L’arrestation de Martha Alicia Méndez Aguilar, surnommée « La Diabla », a mis au jour un réseau criminel transfrontalier impliqué dans le trafic de nouveau-nés, selon les autorités américaines et mexicaines. L’opération, menée conjointement, a permis de démanteler une partie de ce réseau, dirigé par « La Diabla » et lié au puissant Cartel Jalisco Nueva Generación (CJNG).
« La Diabla » a été appréhendée le 9 septembre par des agents de l’État sur une route près de Chihuahua, à quelques kilomètres de la frontière texane. Elle est accusée d’avoir commis un acte particulièrement odieux : le meurtre d’une jeune femme de 20 ans afin de voler son nouveau-né. Le bureau du procureur spécialisé dans les victimes de crimes liés au genre de Chihuahua a précisé qu’une autopsie a révélé que la mère est décédée des suites d’une hémorragie importante, consécutive à une césarienne illégale pratiquée pour extraire l’utérus. Le corps de la victime a été retrouvé quelques jours plus tard, sans le bébé, dans une maison abandonnée.
Le nouveau-né a été retrouvé à l’hôpital du quartier de Zaragoza, puis transféré à l’hôpital pour enfants, où les médecins ont signalé de graves blessures et un état de santé critique.
Selon le bureau du directeur national du renseignement américain (ODNI), « La Diabla » attirait des femmes enceintes, souvent vulnérables, dans des régions isolées où des césariennes illégales étaient pratiquées. Les nouveau-nés étaient ensuite vendus à des couples aux États-Unis pour des sommes pouvant atteindre 250 000 pesos mexicains (environ 14 000 $ US), d’après l’ODNI.
Le National Anti-Terror Center (NCTC), une agence américaine rattachée à l’ODNI, a affirmé avoir fourni des renseignements aux autorités mexicaines sur la localisation de « La Diabla », contribuant ainsi au démantèlement du réseau criminel.

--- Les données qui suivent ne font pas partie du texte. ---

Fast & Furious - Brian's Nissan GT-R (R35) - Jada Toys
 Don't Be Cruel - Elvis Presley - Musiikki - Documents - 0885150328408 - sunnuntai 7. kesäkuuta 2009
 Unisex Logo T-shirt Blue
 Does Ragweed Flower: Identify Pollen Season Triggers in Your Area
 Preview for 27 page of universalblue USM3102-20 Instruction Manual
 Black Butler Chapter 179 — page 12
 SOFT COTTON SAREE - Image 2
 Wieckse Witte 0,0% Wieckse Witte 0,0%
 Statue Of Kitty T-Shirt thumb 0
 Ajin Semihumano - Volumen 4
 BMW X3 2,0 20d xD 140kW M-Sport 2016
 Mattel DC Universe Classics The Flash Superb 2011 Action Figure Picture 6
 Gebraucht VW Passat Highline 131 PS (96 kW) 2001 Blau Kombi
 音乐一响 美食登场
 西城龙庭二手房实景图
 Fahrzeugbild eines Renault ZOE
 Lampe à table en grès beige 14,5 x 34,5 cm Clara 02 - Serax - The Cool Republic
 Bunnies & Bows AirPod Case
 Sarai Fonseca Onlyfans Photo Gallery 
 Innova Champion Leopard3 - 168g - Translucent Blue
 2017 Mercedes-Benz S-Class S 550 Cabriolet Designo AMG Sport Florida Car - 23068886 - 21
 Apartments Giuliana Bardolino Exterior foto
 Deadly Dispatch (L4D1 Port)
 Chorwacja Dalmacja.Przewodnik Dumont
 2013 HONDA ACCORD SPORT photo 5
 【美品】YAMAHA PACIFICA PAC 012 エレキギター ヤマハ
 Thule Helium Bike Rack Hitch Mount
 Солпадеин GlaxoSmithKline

Cette affaire met en lumière la diversification des activités des cartels mexicains, qui ne se limitent plus au trafic de drogue. Le CJNG, considéré par Washington comme une organisation terroriste, est également impliqué dans le vol de carburant, l’extorsion et la fraude immobilière pour blanchir de l’argent, selon l’administration américaine de lutte contre la drogue (DEA).
« Il s’agit d’un exemple de ce que les cartels terroristes feront pour diversifier leurs sources de revenus et financer leurs opérations. »
Joe Kent, directeur du NCTC
La désignation du CJNG comme organisation terroriste permet aux autorités américaines d’utiliser des outils de lutte contre le terrorisme pour démanteler les réseaux et sanctionner les sources de financement illicite des trafiquants de drogue, selon le NCTC.
« La Diabla » est actuellement en détention préventive à Chihuahua, où elle fait l’objet d’une procédure pénale pour fémicide et tentative d’homicide, comme l’a indiqué le bureau du procureur de Chihuahua. CNN tente de déterminer si elle dispose d’une représentation légale.